I am writing an application backed by Postgres DB. The application is like a logging system, the main table is like this

create table if not exists logs
(
    user_id   bigint      not null,
    log       bytea       not null,
    timestamp timestamptz not null default clock_timestamp() at time zone 'UTC'
);

One of the main query is to fetch all log about a certain user_id, ordered by timestamp desc. It would be nice that under the hood Postgres DB stores all rows about the same user_id in one page or sequential pages, instead of scattering here and there on the disk.

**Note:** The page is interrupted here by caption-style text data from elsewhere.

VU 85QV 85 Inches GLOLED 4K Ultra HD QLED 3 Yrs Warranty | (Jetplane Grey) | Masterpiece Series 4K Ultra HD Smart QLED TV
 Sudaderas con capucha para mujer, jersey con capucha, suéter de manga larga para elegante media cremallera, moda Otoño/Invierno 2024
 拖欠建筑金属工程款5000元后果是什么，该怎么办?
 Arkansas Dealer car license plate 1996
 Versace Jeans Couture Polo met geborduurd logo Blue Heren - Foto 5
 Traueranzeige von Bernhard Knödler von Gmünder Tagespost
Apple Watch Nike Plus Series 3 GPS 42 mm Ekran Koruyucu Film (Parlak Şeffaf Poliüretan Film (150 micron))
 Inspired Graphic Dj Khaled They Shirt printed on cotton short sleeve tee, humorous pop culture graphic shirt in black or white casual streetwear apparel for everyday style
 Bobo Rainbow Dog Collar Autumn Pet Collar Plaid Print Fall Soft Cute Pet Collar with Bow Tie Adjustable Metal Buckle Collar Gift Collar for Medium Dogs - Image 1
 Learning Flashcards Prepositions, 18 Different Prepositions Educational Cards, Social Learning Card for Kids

As I recall from textbooks, is this the so-called "index-sequential files"? How can I guide Postgres to do that?


Solution

  • The simple thing to do is to create a B-tree index to speed up the search:

    CREATE INDEX logs_user_time_idx ON logs (user_id, timestamp);
    

    That would speed up the query, but take extra space on the disk and slow down all INSERT operations on the table (the index has to be maintained). There is no free lunch!

    I assume that you were talking about that when you mentioned "index-sequential files". But perhaps you meant what is called a clustered index or index-organized table, which essentially keeps the table itself in a certain order. That can speed up searches like that even more. However, PostgreSQL does not have that feature.

    The best you can do to make disk access more efficient in PostgreSQL is to run the CLUSTER command, which rewrites the table in index order:

    CLUSTER logs USING logs_user_time_idx;
    

    But be warned:

    • That statement rewrites the whole table, so it could take a long time. During that time, the table is inaccessible.

    • Subsequent INSERTs won't maintain the order in the table, so it “rots” over time, and after a while you will have to CLUSTER the table again.